> **Data to process**:
_ _ _
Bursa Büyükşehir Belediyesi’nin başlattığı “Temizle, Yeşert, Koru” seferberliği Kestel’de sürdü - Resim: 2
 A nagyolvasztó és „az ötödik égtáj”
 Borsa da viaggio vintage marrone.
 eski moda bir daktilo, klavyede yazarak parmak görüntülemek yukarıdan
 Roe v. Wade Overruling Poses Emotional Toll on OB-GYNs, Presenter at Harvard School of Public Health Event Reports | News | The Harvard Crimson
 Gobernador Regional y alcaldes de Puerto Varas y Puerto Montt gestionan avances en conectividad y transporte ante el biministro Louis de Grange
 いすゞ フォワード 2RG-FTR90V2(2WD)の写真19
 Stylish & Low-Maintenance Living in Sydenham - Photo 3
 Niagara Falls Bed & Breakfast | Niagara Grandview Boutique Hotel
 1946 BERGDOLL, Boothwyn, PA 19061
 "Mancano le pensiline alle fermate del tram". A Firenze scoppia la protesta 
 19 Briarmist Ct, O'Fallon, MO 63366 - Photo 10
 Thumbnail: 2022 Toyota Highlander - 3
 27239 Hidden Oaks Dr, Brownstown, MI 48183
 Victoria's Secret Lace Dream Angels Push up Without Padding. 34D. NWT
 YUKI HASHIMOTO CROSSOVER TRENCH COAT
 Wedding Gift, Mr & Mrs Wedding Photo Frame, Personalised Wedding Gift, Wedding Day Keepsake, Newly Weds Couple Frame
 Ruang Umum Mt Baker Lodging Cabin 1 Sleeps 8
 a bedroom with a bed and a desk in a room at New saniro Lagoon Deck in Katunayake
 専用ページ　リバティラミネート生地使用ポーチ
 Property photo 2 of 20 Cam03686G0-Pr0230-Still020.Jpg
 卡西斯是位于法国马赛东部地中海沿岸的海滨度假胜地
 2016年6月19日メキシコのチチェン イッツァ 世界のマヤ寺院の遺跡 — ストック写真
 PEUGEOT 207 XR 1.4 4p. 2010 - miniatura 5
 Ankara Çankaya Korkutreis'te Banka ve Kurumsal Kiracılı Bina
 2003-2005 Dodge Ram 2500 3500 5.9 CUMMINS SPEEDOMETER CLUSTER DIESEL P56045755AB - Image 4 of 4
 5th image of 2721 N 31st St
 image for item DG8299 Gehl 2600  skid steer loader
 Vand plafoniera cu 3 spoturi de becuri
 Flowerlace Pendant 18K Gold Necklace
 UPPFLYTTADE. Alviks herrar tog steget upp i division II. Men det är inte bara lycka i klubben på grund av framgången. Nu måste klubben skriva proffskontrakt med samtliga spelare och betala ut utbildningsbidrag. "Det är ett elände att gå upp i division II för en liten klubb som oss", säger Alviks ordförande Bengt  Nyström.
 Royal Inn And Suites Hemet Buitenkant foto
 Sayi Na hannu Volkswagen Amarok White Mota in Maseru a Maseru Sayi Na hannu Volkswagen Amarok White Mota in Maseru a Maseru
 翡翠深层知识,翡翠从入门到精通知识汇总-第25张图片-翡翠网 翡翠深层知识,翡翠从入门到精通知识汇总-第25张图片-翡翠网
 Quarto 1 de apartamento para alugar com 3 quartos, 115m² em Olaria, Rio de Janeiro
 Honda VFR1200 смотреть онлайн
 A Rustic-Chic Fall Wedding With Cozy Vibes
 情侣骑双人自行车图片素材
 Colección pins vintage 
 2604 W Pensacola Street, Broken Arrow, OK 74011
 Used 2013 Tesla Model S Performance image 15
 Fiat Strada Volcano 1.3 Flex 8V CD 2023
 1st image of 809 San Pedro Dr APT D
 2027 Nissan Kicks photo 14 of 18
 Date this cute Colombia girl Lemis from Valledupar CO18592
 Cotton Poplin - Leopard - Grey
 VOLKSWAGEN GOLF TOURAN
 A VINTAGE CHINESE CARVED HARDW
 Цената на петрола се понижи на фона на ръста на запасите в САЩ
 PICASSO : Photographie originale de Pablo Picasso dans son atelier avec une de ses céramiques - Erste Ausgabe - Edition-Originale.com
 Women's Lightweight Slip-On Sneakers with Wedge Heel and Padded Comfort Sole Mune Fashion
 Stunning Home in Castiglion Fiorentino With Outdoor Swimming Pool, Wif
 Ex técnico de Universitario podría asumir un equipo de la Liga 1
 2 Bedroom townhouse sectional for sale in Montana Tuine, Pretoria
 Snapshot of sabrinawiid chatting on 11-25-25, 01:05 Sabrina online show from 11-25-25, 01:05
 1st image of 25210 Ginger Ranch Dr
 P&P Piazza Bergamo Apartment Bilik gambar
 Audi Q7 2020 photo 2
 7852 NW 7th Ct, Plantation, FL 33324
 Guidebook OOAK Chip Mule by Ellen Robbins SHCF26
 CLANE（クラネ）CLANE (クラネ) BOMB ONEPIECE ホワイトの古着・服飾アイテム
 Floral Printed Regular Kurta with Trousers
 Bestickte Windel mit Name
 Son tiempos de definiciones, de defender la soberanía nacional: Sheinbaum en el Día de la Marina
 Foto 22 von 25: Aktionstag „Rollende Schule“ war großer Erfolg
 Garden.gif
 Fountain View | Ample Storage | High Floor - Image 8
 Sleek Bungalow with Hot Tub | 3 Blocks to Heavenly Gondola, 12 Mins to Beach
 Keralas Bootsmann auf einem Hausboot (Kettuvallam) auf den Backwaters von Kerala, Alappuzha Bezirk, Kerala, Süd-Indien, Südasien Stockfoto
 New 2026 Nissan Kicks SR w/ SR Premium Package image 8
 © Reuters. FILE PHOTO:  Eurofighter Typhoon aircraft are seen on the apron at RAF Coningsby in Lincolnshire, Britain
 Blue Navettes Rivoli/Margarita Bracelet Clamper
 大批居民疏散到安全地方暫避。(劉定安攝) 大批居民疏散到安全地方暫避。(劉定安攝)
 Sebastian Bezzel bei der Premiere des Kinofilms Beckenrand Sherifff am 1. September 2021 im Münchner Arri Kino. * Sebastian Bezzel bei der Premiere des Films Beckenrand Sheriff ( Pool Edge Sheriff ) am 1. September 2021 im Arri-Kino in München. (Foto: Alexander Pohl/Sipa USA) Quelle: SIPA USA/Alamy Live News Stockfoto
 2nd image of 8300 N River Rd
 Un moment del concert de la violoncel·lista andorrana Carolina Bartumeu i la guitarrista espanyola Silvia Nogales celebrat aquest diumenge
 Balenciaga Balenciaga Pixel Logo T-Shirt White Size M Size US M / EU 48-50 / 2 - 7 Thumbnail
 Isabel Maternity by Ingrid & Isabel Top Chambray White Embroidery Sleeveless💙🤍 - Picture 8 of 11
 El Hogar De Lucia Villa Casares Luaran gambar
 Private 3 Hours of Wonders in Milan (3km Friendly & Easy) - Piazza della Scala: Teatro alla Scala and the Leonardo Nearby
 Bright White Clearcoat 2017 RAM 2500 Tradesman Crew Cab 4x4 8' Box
_ _ _
> **Work instructions**:
The word "from" appears in some lines of the data. Copy every one of those lines.

> **Exercise result**:
 Date this cute Colombia girl Lemis from Valledupar CO18592
 Snapshot of sabrinawiid chatting on 11-25-25, 01:05 Sabrina online show from 11-25-25, 01:05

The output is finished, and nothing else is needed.